On the implication of the decision, analysts said the cost of borrowing will rise further, adding that it will lead to asset repricing, and negative impact on the equities market.

“It will increase the yields on fixed income securities, which may make consumers postpone current consumption for savings/investments, thus reducing inflation rate, all things being equal,” said Ayodele Akinwunmi, relationship manager, corporate banking at FSDH Merchant Bank Limited.

He said it may also help to reduce capital flight from the fixed income securities and encourage foreign portfolio inflows into the country, thus helping exchange rate stability in the foreign exchange market, all things being equal.

However, he said the hike in the MPR will increase the cost of funds for banks and corporates and may also lead to portfolio reallocation to the fixed income securities from the equity market, thus having negative implications on the equity market in the short-term.

Read also: MPC members raise concern over FG’s fiscal deficit

After the meeting, the MPC members unanimously voted to retain other parameters.

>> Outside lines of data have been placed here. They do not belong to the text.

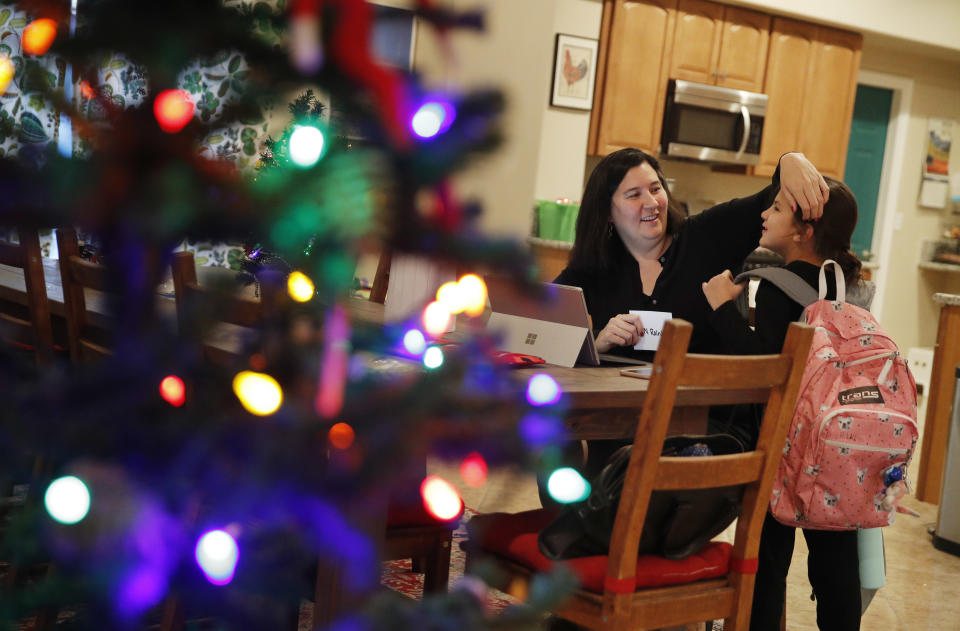 Rochelle Thuy Nguyen greets her daughter Hannah Lay at their home, Tuesday, Dec. 18, 2018, in Las Vegas. Nevada became the first state in the U.S. with an overall female majority in the Legislature on Tuesday when county officials in Las Vegas appointed Nguyen and another women to fill vacancies in the state Assembly. (AP Photo/John Locher)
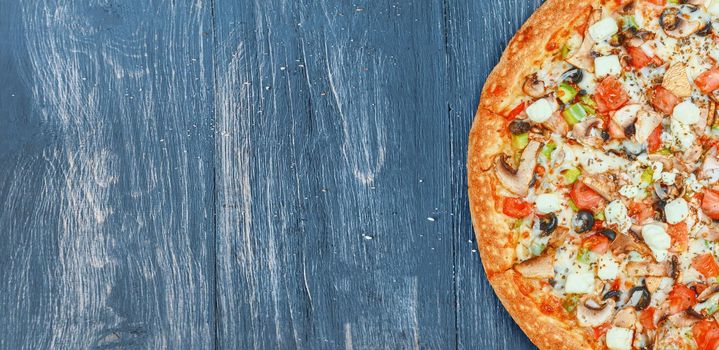 pizza close-up on a wooden surface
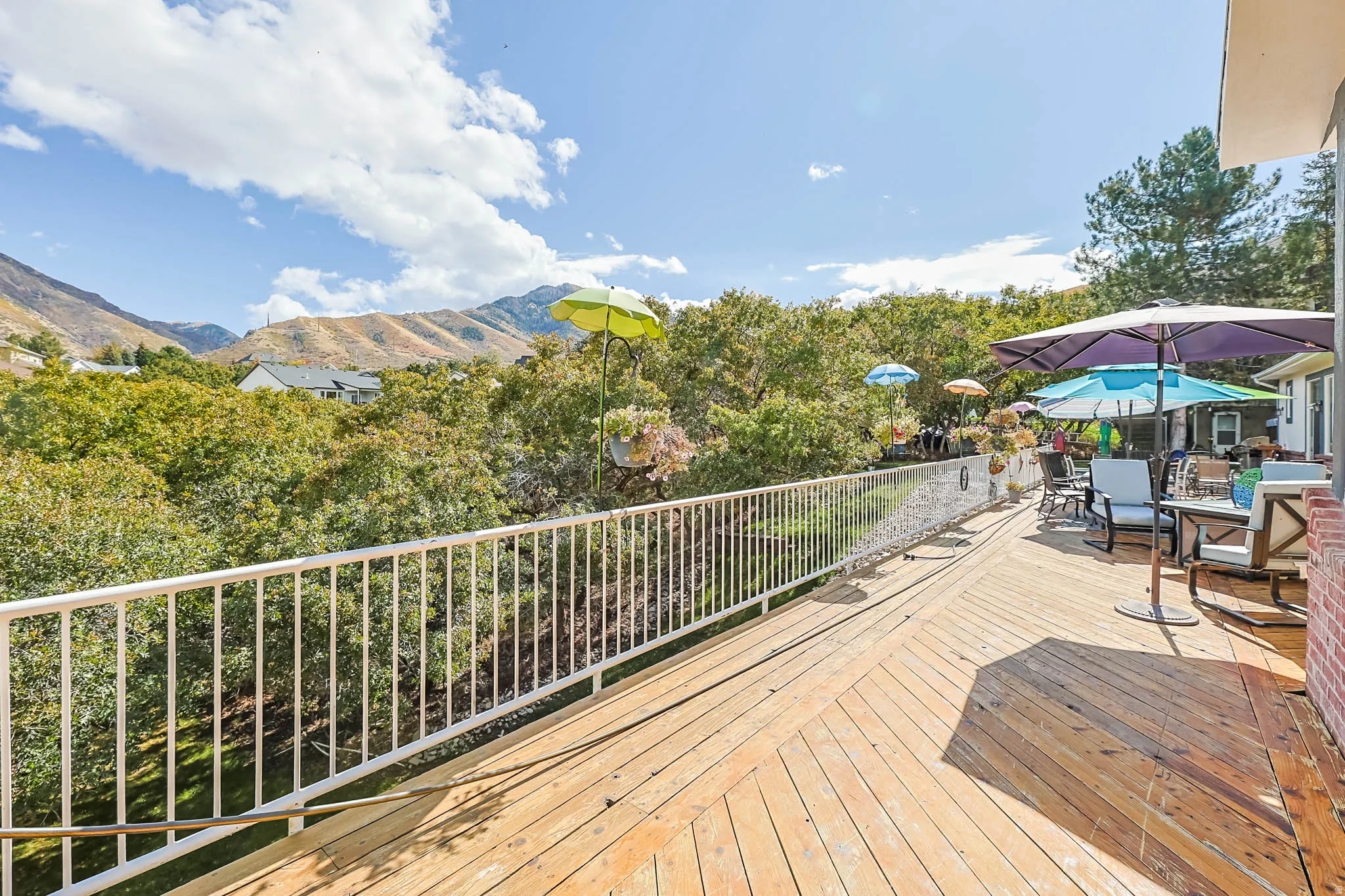 Wooden deck with outdoor dining space and a mountain view
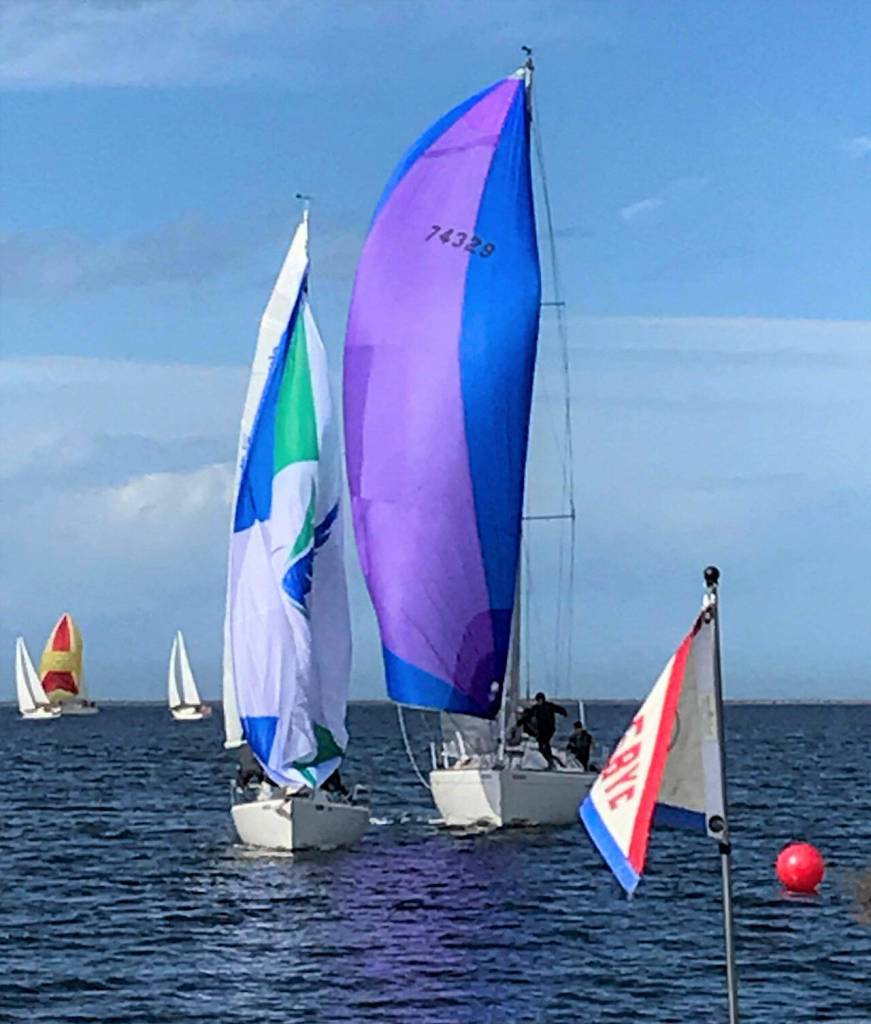 Litonya, skippered by Mike Kalahar of Port Angeles, is on the left, edging Windchild, skippered by Rudy Heessels of Sequim. In back, Sirius (Soren Prip), Denali (Bob Macaulay) and Pinafore (Bernie Armstrong), all of Sequim. Photo by Anna Richmond, Gail Spurr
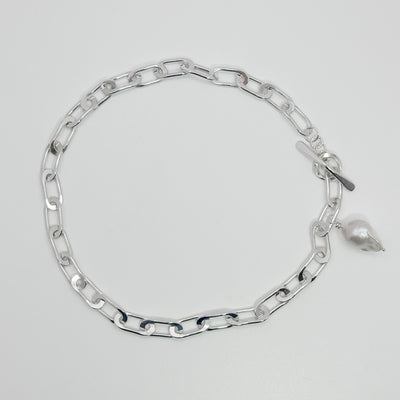 Tow Truck Jr with baroque pearl necklace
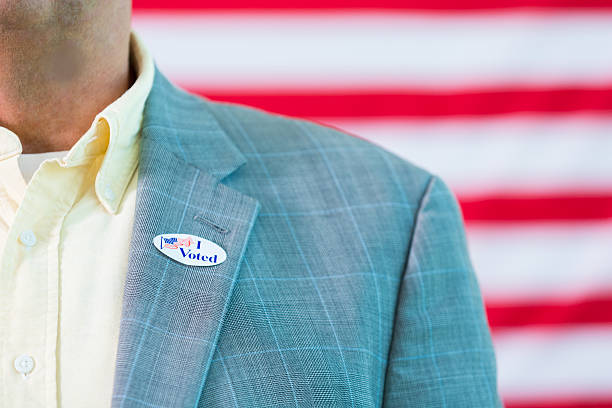 istock Man wearing I voted sticker on jacket 546456668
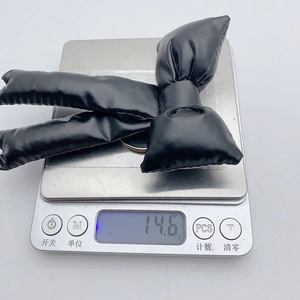 Macro shot of a black metallic puffy bow keychain showing a weight of 14.6g on a digital scale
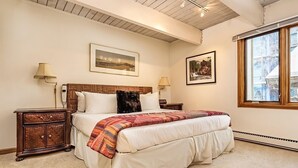 A bedroom with a large bed, two bedside tables, a nightstand, a wooden headboard, and two wall-mounted lamps.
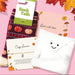 A cozy fall-themed gift set on a pink background with autumn leaves. The set includes a pair of Sock Talk bamboo socks in a dark burgundy knit with orange and white pumpkins, a white plush envelope-shaped pocket with a smiley face, a pink card reading 'Sent with love' decorated with Autumn illustrations and a 'cosy season' bracelet.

The CBN retained the asymmetric corridor of +100/-700 basis points around the MPR, retained the cash reserve ratio at 32.5 per cent, and the liquidity ratio at 30 per cent.

Razia Khan, managing director and chief economist, Africa and Middle East global research at Standard Chartered Bank, said with significant pressures ahead, including tighter global conditions, the risk of slowing global growth, weaker oil prices and pressure on external reserves, FX reforms are more important than ever.

“While the CBN has taken comfort from the October slowing in month/month inflation, we are not sure how much can be read into this – especially given the likelihood of fuel subsidy reforms post-election and ongoing agri-pressure given recent climate-related risks. Lower inflation settings and the restoration of a better-functioning FX market would serve Nigeria well, given these challenges,” she said.

The CBN also announced that new naira notes will be unveiled by President Muhammadu Buhari on Wednesday (today).

Emefiele said the circulation of N500 and N1000 notes will reduce gradually, adding that their availability in large volumes was partly responsible for the inflationary pressures.

“We are no longer waiting for December 15th to unveil the new notes; the president has accepted to unveil the new currency on 23rd of November 2022,” he said.